Cumhurbaşkanı Erdoğan, görüşmede, Türkiye'nin, Ukrayna-Rusya gerilimi ve İsrail'in Gazze'ye yönelik saldırılarının sona ermesi için barışçıl çabalarını sürdürdüğünü, uluslararası kamuoyunun bu bölgelerde barışın tesisi için gayretlerini artırması gerektiğini belirtti.
Erdoğan, Macaristan'ın dönem başkanlığında Türkiye'nin, AB'ye katılım sürecinin canlandırılması ve ilişkilerin ilerletilmesi noktasında destek beklediğini de ifade etti.
Erdoğan, Washington ziyareti öncesi havaalanında gazetecilere yaptığı açıklamada, NATO'nun Ukrayna'daki çatışmaya taraf olmaması gerektiğini söylemişti.
Ukrayna'da çözüme yönelik 'barış misyonu' kapsamında 2 Temmuz'da Ukrayna ve 5 Temmuz'da ise Rusya'yı ziyaret eden Başbakan Orban, Rusya Devlet Başkanı Vladimir Putin ile görüşmesinin ardından NATO'nun politikalarının ittifakın temel değerleriyle çeliştiğini bildirmişti.

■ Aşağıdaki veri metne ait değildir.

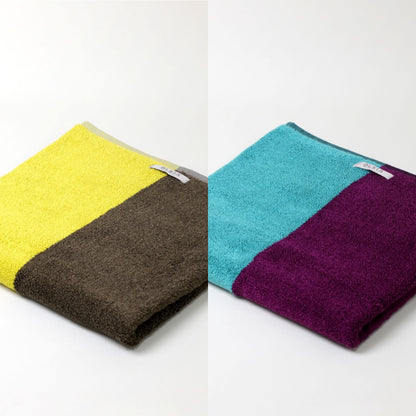 2Couleurs ギフトセット（バスタオル2枚）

Orban, Newsweek için kaleme aldığı makalede NATO’nun bir barış projesi olarak başladığını, ancak bugünkü politikalarının ittifakın temel değerleriyle çeliştiğini kaydetti.
Orban, “Dünya tarihinin en başarılı askeri ittifakının bir barış projesi olarak başladığını ve gelecekteki başarısının barışı koruma becerisine bağlı olduğunu hatırlamakta fayda var. Ancak bugün gündemde barış yerine savaş arzusu, savunma yerine saldırı söz konusu. Bunların hepsi NATO'nun temel değerlerine aykırı” ifadelerine yer verdi.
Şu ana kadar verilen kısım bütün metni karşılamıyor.